After the expected cycle did not cycle around I took an impatient pregnancy test and wahlah! +! My husband and I were overjoyed- another little one:) But can we have another child as precious as Felicity????? I am told yes. :)
I had a good week or two of not really feeling pregnant and then the magic 6week mark hit and bam! Nausea. I feel like it might be worse this time, like something might actually come up, though I would rather keep it down. I can't wait for 13wks!!!!! (When I should feel better).

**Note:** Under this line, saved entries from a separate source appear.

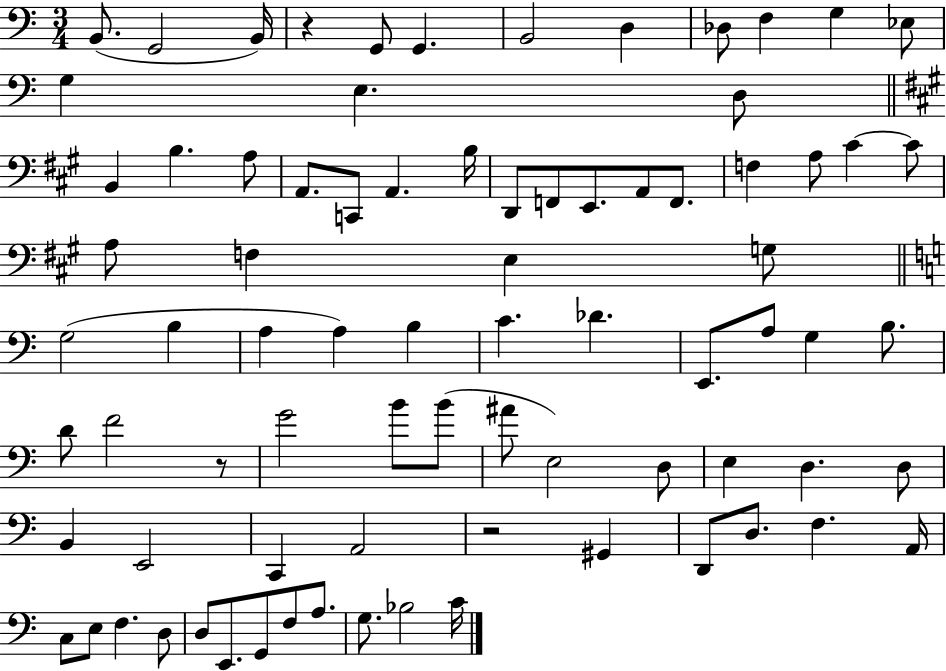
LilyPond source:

{
  \clef bass
  \numericTimeSignature
  \time 3/4
  \key c \major
  b,8.( g,2 b,16) | r4 g,8 g,4. | b,2 d4 | des8 f4 g4 ees8 | \break g4 e4. d8 | \bar "||" \break \key a \major b,4 b4. a8 | a,8. c,8 a,4. b16 | d,8 f,8 e,8. a,8 f,8. | f4 a8 cis'4~~ cis'8 | \break a8 f4 e4 g8 | \bar "||" \break \key a \minor g2( b4 | a4 a4) b4 | c'4. des'4. | e,8. a8 g4 b8. | \break d'8 f'2 r8 | g'2 b'8 b'8( | ais'8 e2) d8 | e4 d4. d8 | \break b,4 e,2 | c,4 a,2 | r2 gis,4 | d,8 d8. f4. a,16 | \break c8 e8 f4. d8 | d8 e,8. g,8 f8 a8. | g8. bes2 c'16 | \bar "|."
} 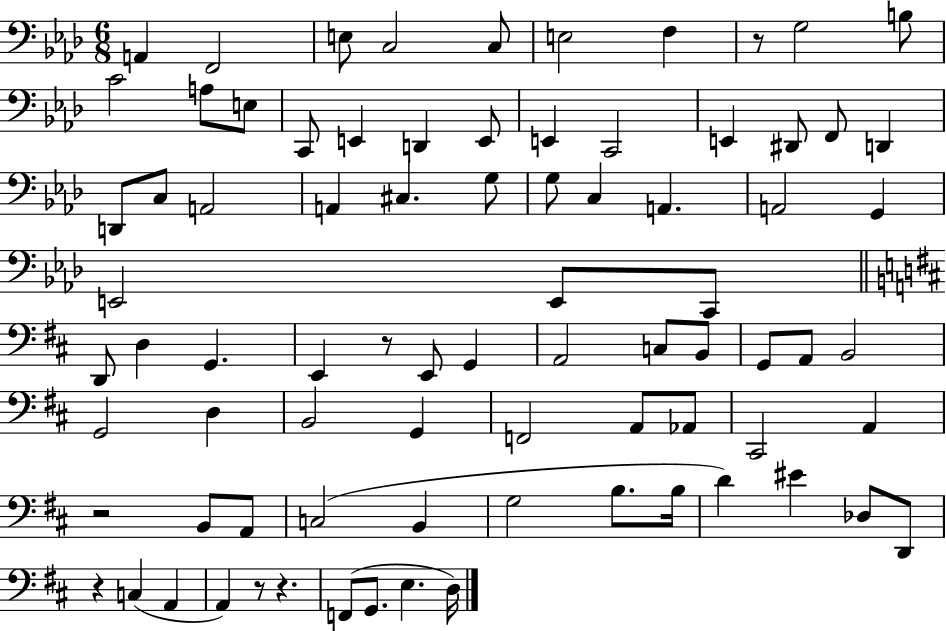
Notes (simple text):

A2/q F2/h E3/e C3/h C3/e E3/h F3/q R/e G3/h B3/e C4/h A3/e E3/e C2/e E2/q D2/q E2/e E2/q C2/h E2/q D#2/e F2/e D2/q D2/e C3/e A2/h A2/q C#3/q. G3/e G3/e C3/q A2/q. A2/h G2/q E2/h E2/e C2/e D2/e D3/q G2/q. E2/q R/e E2/e G2/q A2/h C3/e B2/e G2/e A2/e B2/h G2/h D3/q B2/h G2/q F2/h A2/e Ab2/e C#2/h A2/q R/h B2/e A2/e C3/h B2/q G3/h B3/e. B3/s D4/q EIS4/q Db3/e D2/e R/q C3/q A2/q A2/q R/e R/q. F2/e G2/e. E3/q. D3/s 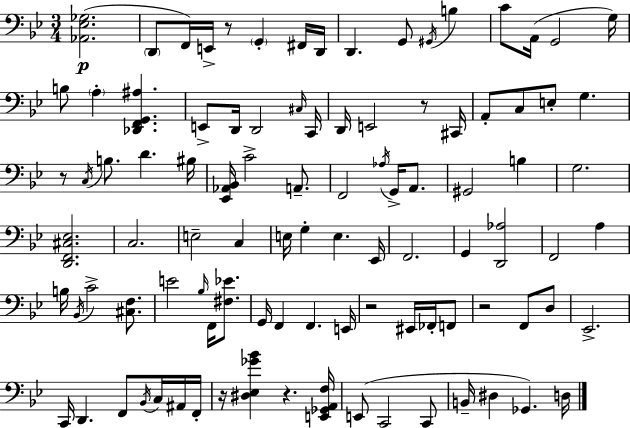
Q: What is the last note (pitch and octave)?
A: D3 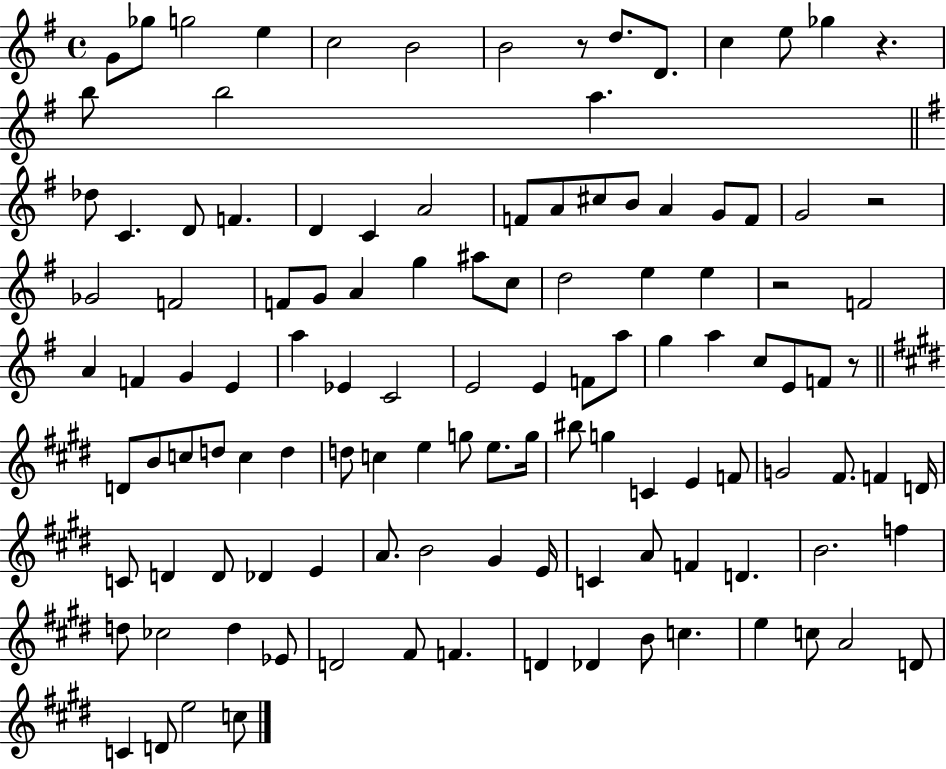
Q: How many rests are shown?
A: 5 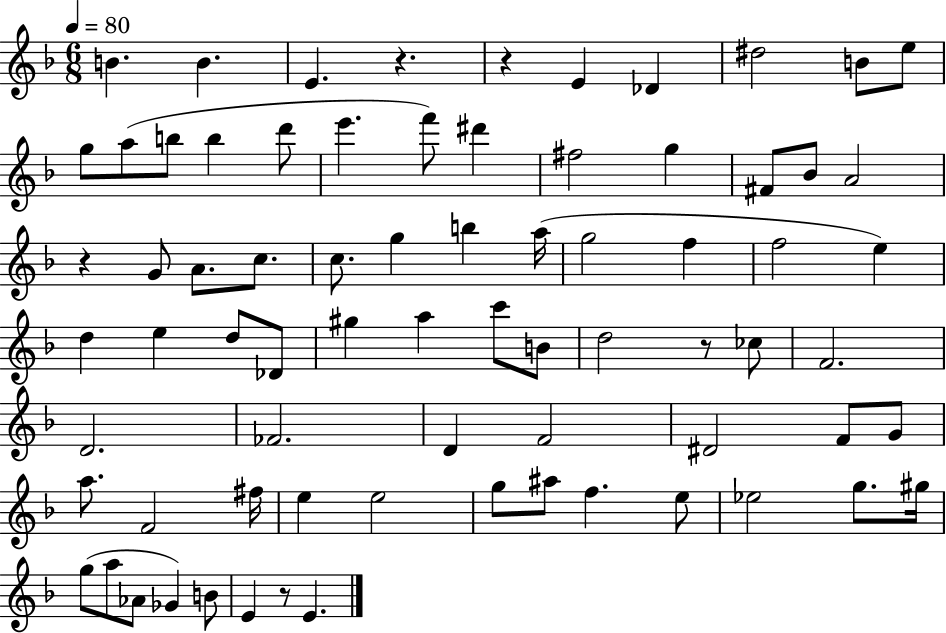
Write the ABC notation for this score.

X:1
T:Untitled
M:6/8
L:1/4
K:F
B B E z z E _D ^d2 B/2 e/2 g/2 a/2 b/2 b d'/2 e' f'/2 ^d' ^f2 g ^F/2 _B/2 A2 z G/2 A/2 c/2 c/2 g b a/4 g2 f f2 e d e d/2 _D/2 ^g a c'/2 B/2 d2 z/2 _c/2 F2 D2 _F2 D F2 ^D2 F/2 G/2 a/2 F2 ^f/4 e e2 g/2 ^a/2 f e/2 _e2 g/2 ^g/4 g/2 a/2 _A/2 _G B/2 E z/2 E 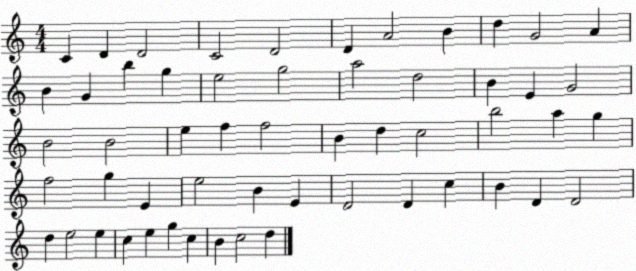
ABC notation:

X:1
T:Untitled
M:4/4
L:1/4
K:C
C D D2 C2 D2 D A2 B d G2 A B G b g e2 g2 a2 d2 B E G2 B2 B2 e f f2 B d c2 b2 a g f2 g E e2 B E D2 D c B D D2 d e2 e c e g c B c2 d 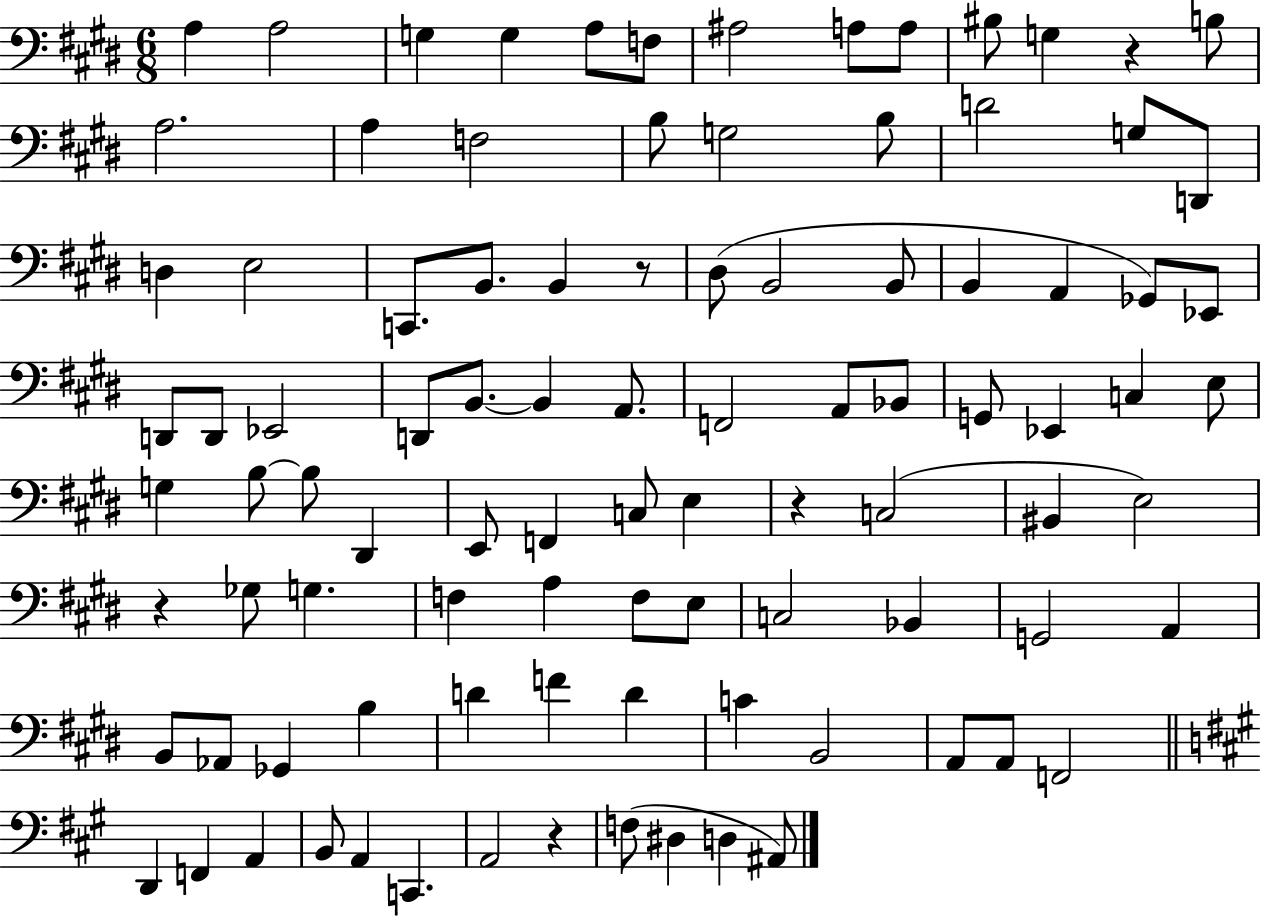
X:1
T:Untitled
M:6/8
L:1/4
K:E
A, A,2 G, G, A,/2 F,/2 ^A,2 A,/2 A,/2 ^B,/2 G, z B,/2 A,2 A, F,2 B,/2 G,2 B,/2 D2 G,/2 D,,/2 D, E,2 C,,/2 B,,/2 B,, z/2 ^D,/2 B,,2 B,,/2 B,, A,, _G,,/2 _E,,/2 D,,/2 D,,/2 _E,,2 D,,/2 B,,/2 B,, A,,/2 F,,2 A,,/2 _B,,/2 G,,/2 _E,, C, E,/2 G, B,/2 B,/2 ^D,, E,,/2 F,, C,/2 E, z C,2 ^B,, E,2 z _G,/2 G, F, A, F,/2 E,/2 C,2 _B,, G,,2 A,, B,,/2 _A,,/2 _G,, B, D F D C B,,2 A,,/2 A,,/2 F,,2 D,, F,, A,, B,,/2 A,, C,, A,,2 z F,/2 ^D, D, ^A,,/2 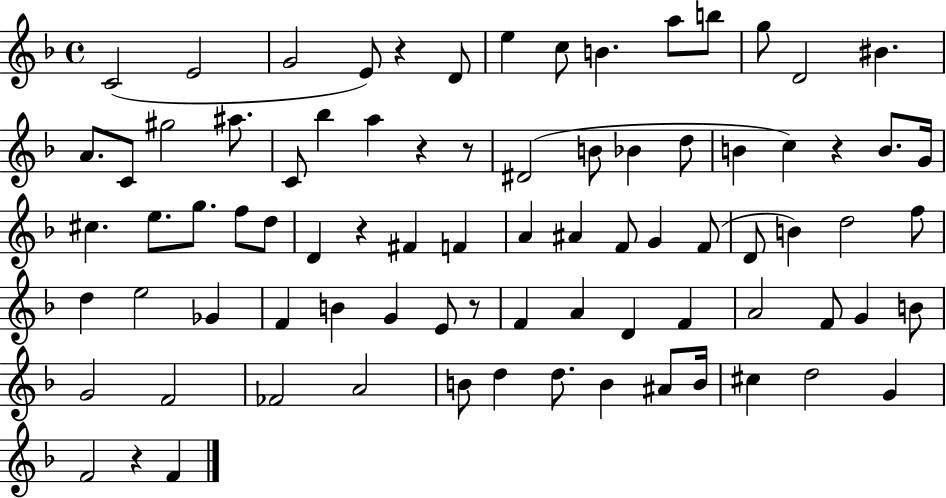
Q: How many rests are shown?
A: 7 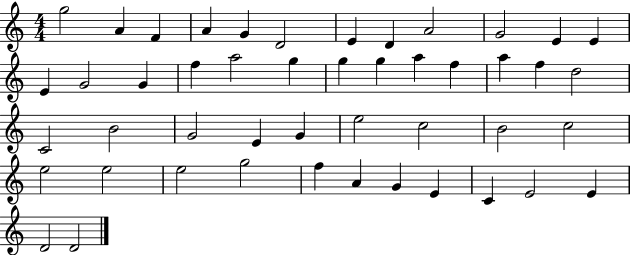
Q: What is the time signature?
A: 4/4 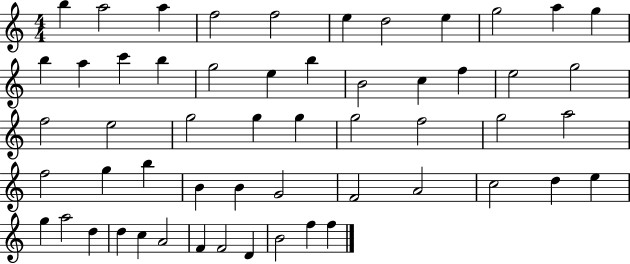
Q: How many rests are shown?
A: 0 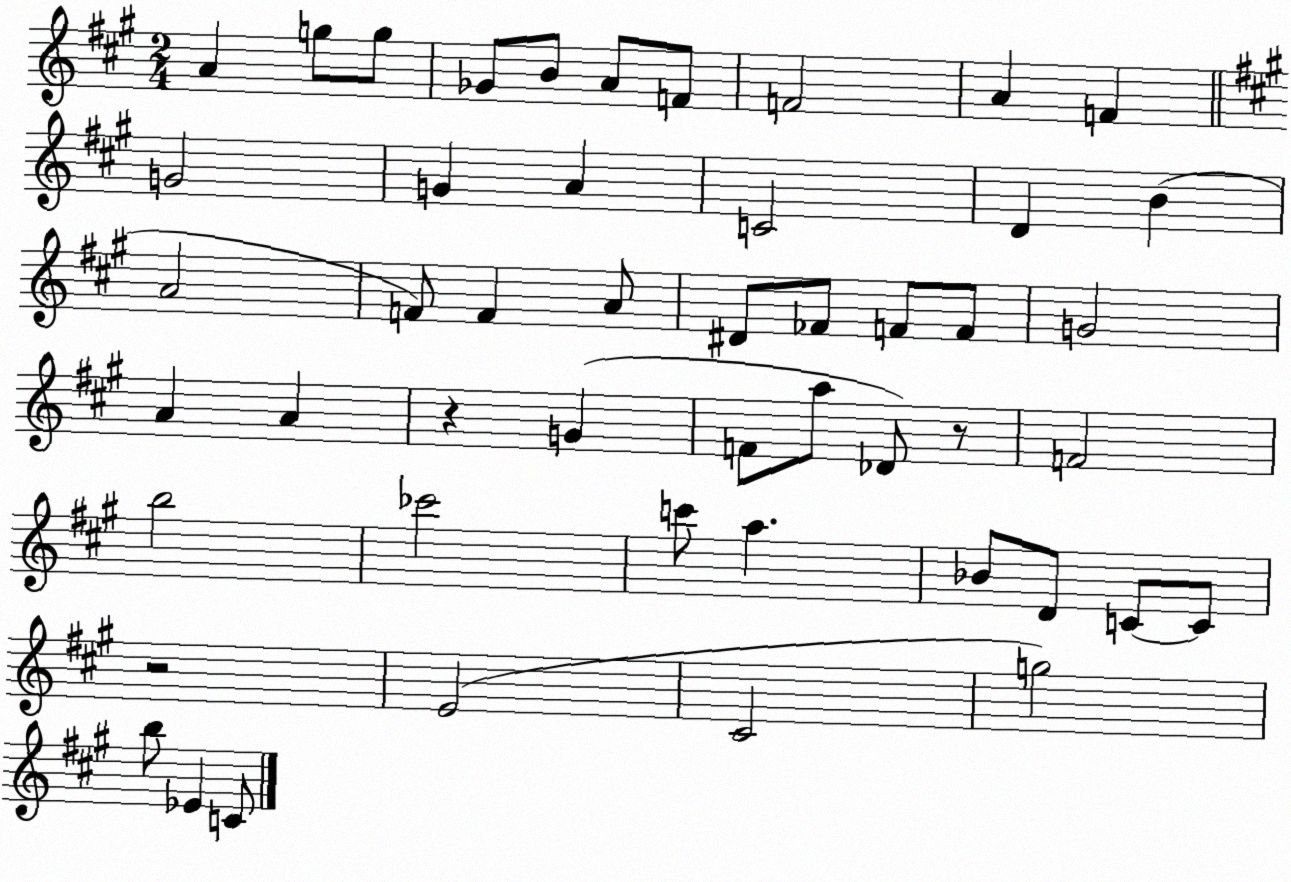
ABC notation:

X:1
T:Untitled
M:2/4
L:1/4
K:A
A g/2 g/2 _G/2 B/2 A/2 F/2 F2 A F G2 G A C2 D B A2 F/2 F A/2 ^D/2 _F/2 F/2 F/2 G2 A A z G F/2 a/2 _D/2 z/2 F2 b2 _c'2 c'/2 a _B/2 D/2 C/2 C/2 z2 E2 ^C2 g2 b/2 _E C/2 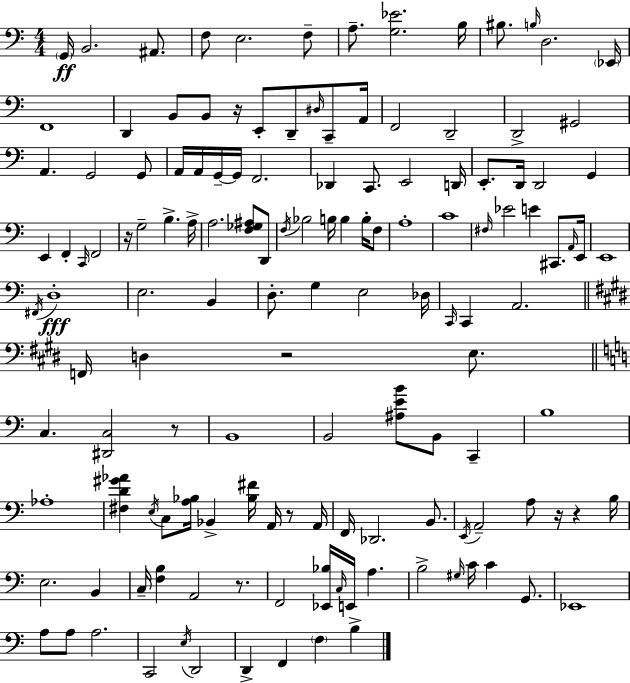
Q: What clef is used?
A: bass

Mom keeps telling me, "no, I wasn't really sick." Dad says, "why are you sick?" Husband says, "pobresita" Sisters say, "hmmm" Anastasia says, "drink water." Kellee says, "I ate the salads anyway." Most pregnant or previously pregnant women give me a look of sympathy and sigh, there is nothing to be done but wait it out. (That being said, the midwife in me must say, there are lots of things to try that can and will help. That whinny girl up there is just that, whinny and pregnant. After I am done whining I may write about some of those things but, that requires thinking about food- off limits right now, unless it is NYPD Pizza;)
So I am thinking that this blog may be about my pregnancy, my life and a bit of education as well. I like to vent, writing helps me remember and maybe someone will find my life interesting enough to add it to their list of websites that they check and follow and really spend to much time doing in the first place. Maybe Jennifer can check my grammar, maybe Anastasia will help the style or maybe it will just be me.